To scrape the relevant text data from Reddit, I created a small list of queries covering diverse yet relevant topics to buying affordable used vehicles. The queries involved location-specific, model-specific, and thematic keywords to ensure that the search covers as much ground as possible. Chosen subreddits have > 1e5 subscribers to ensure that search queries will yield a significant amount of results per API request. These queries and subreddits can be accessed in the paths: `../src/search_queries.txt` and `../src/subreddits.txt`, respectively. 

__Searching relevant posts per Subreddit__

The objective is to search and scrape for posts (and child comments) within the specified subreddits using the search queries provided. However, with a 10x10 query and subreddit array, I expect at least an initial 100 requests for the subreddit search yielding 100x100 submissions at most.

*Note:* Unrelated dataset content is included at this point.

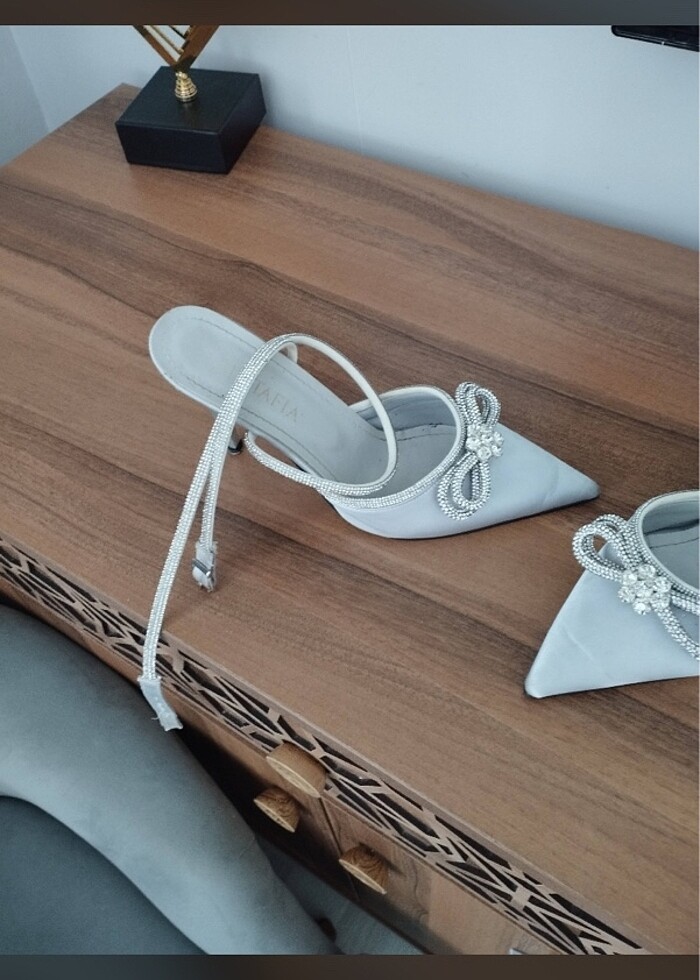 Saten topuklu ayakkabı - Görsel 3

Fetching the comments involves significantly more requests as each submission requires 1 request to yield the CommentForest. Fetching the comments will require at least 10,000 requests.

__Expected Minimum API Requests__
|Search Requests|Comment Fetch Requests|Total Requests|
|:----------|:----------|:----------|
|100      |10,000  |10,100|

From the table above, a single batch job covering all query-subreddit combinations will yield at least 10,100 API requests in a single go, which wildly exceeds the Reddit API fair use policy (i.e. Cap requests to 100/min averaged over 10-minute sliding window). 

__Implementing a sliding window request counter and backoff algorithms__

To ensure the script adheres to fair use policies, I implemented two-pronged fail-safe logic:
1. Handle transient failures for each API request by implementing a backoff algorithm
2. Mitigate the risk of #1 happening by implementing a program-level API request counter that tracks current and expected calls within a specified sliding window. This rate limiter will throttle requests until there's an available slot.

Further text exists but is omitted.